I hate killing wild trout.

I only do it on the rare occasion when I've obviously hurt one with a hook badly enough to make its chances of survival poor. 

That's rare because I fish flies with tiny hooks that usually come out easily, sometimes before I can bring the fish to the net.

The best part about fly fishing -- or at least the second-best part -- is watching the fish swim away, looking healthy, disappearing into a pool or the shade of a willow stand.

But I killed a beautiful, perfectly healthy 14-inch wild brown trout the other day. And that matters to me. Because almost all of the trout in Rapid Creek below Canyon Lake in Rapid City are wild brown trout, self-sustaining mostly.

It’s an amazing fishery, really, running right through the heart of the state’s second-biggest city. It needs to be treated with respect.

And catch-and-release fishing — not for all, but for many of us — is one important way of showing that sustaining respect.

But I thought I had good reason to kill this particular brown trout. A guy on shore, one of a few dozen you’ll see along the creek with some regularity, wanted it.

I often have conversations with the people of the creek. They tend to be interested in my fishing, and sometimes ask whether the fish are biting and what I’m catching.

When you get a fish on, and the rod bends and dances, they often stop and watch, obviously entertained. But this guy broke off from his group of friends and walked over to the bank for a better look.

"What did you catch?" he asked as I netted the trout.

"Brown trout," I said.

"Can I see it?" he asked.

"Sure," I said, lifting up the net out of the water and reaching in to lift the fish out for him to have a look.

"Can I have it?" he added.

That stopped me short.

"You want the fish?" I asked.

"Yeah," he said. "I want to eat it."

"Really," I said. "You'll eat it? Because it's a good fish. And they're good eating."

“Oh, I know they are,” he said. "So can I have it?"

I looked at the trout, looked at the guy, reached in, and unhooked the fish, then I slogged over in my waders to hold out the net so the guy could reach in and grab it, with both hands, carefully.

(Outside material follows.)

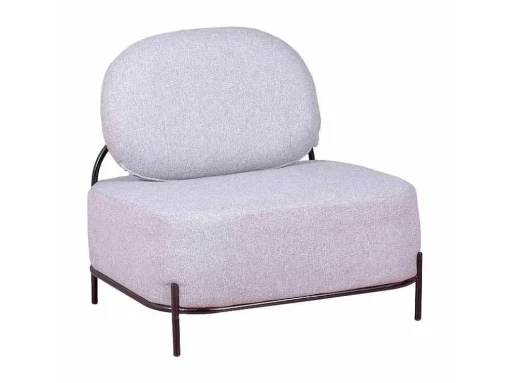 Sofá De 1 Lugar Com Design Minimalista - Clair - Cinza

 "Thanks," he said with a grin, then headed over to a group of his buddies waiting in the shade of a creekside tree. There he showed off the fish to his pals before putting it in some kind of a sack or bag.

Then the group moved on up the creek.

I went back to casting, believing hopefully that he did plan to cook and eat the trout. Maybe on some rudimentary fire in a creekside camp. Or at a friend or relative’s home. Or maybe he has a little place of his own, with a kitchen or at least a hot plate.

These folks dine where they can and eat what’s available. Maybe it’s a meal supplied at the Cornerstone Rescue Mission, which has stipulations including that guests cannot be intoxicated. Maybe it’s at one of the many outside feeding locations by charitable groups without such stipulations.

It might be a boxed lunch from the Care Campus, the multi-faceted city-county detox center, halfway house and addiction-treatment complex that also offers short-term safe space for those who need it.

Or maybe it’s simply by walking over to Rapid Creek and asking a fisherman to share his bounty.

Such meals matter to people who don’t have much and don’t ask much of guys like me.

And I continue to believe the guy on the creek found a way to cook and eat that trout.

I hope so. It was a good fish. And they're good eating.

But then, the guy along the creek already knew that.